Mayor Walsh today announced a $7.5 million loan fund to help "investor owners" buy multi-family units - with the condition they maintain at least 40% of the units as "affordable" for 50 years.

The money comes from the city's "inclusionary development" fund, into which developers of new residential buildings pay if they don't want to set aside their own units as affordable - aimed at people making up to 70% of the area median income.

To participate in the program, a developer or owner must agree that a minimum of 40 percent of the units will be restricted for low and moderate-income families. In addition, funding preference will be given to developments that have either a higher number of restricted units or have units restricted to lower incomes.

The program will also prevent displacement of tenants threatened by the forces of gentrification by ensuring that their apartments will not become unaffordable over the long term. To ensure this, the program is only available for investor-owned rental properties that are either fully or partially occupied. To participate, developers are required to agree that no tenant in good standing will be displaced from their unit.
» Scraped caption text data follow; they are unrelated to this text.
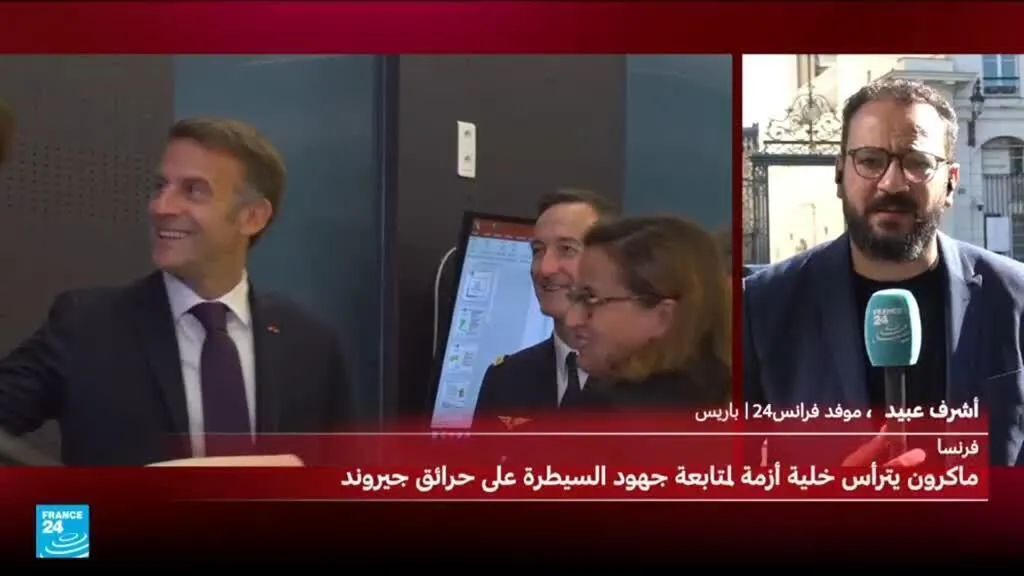 ماكرون يترأس خلية أزمة لمتابعة جهود السيطرة على الحرائق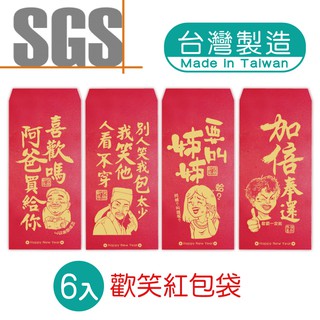 明鍠 阿爸的血汗錢系列 歡笑 紅包袋 6入 SGS 檢驗合格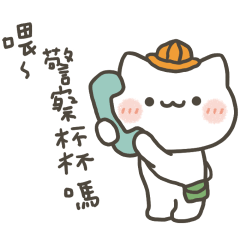 小喵咪警察杯杯嗎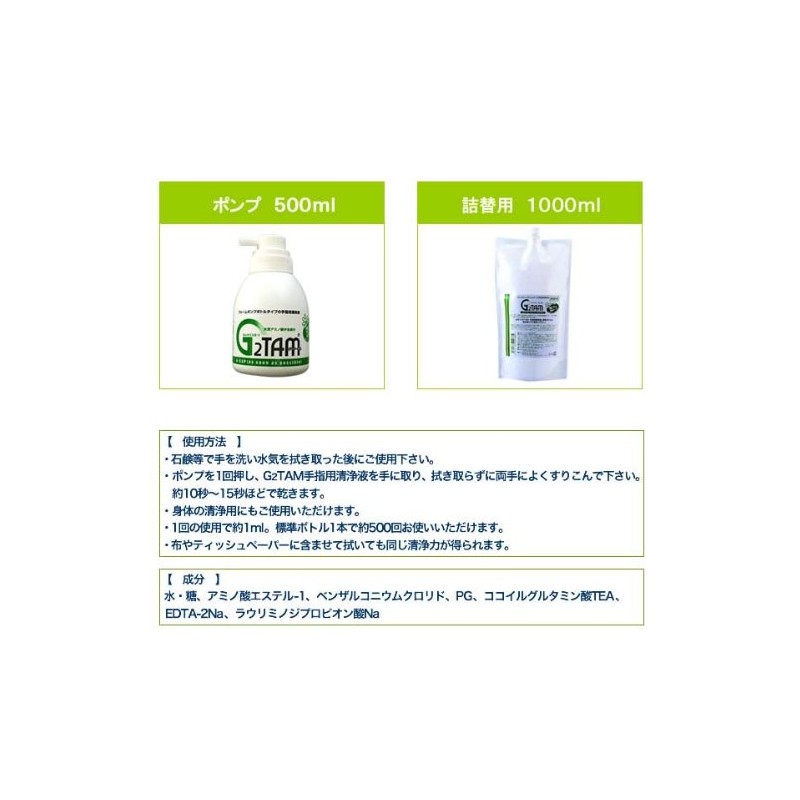 G2TAM Hand Purifier Pump 16.9 fl oz (500 ml)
In conversations with the community, affordable housing developers and nonprofits, the City found affordable housing developers can be outpaced in the housing market because private investors often have access to capital and cash that may not be as readily available to affordable housing developers. The Acquisition Opportunity Program offers a solution to this challenge by offering developers the opportunity to pre-qualify for a set amount of funding. This pre-qualification will enable potential buyers to be more nimble and competitive in Boston's fast-moving real estate market.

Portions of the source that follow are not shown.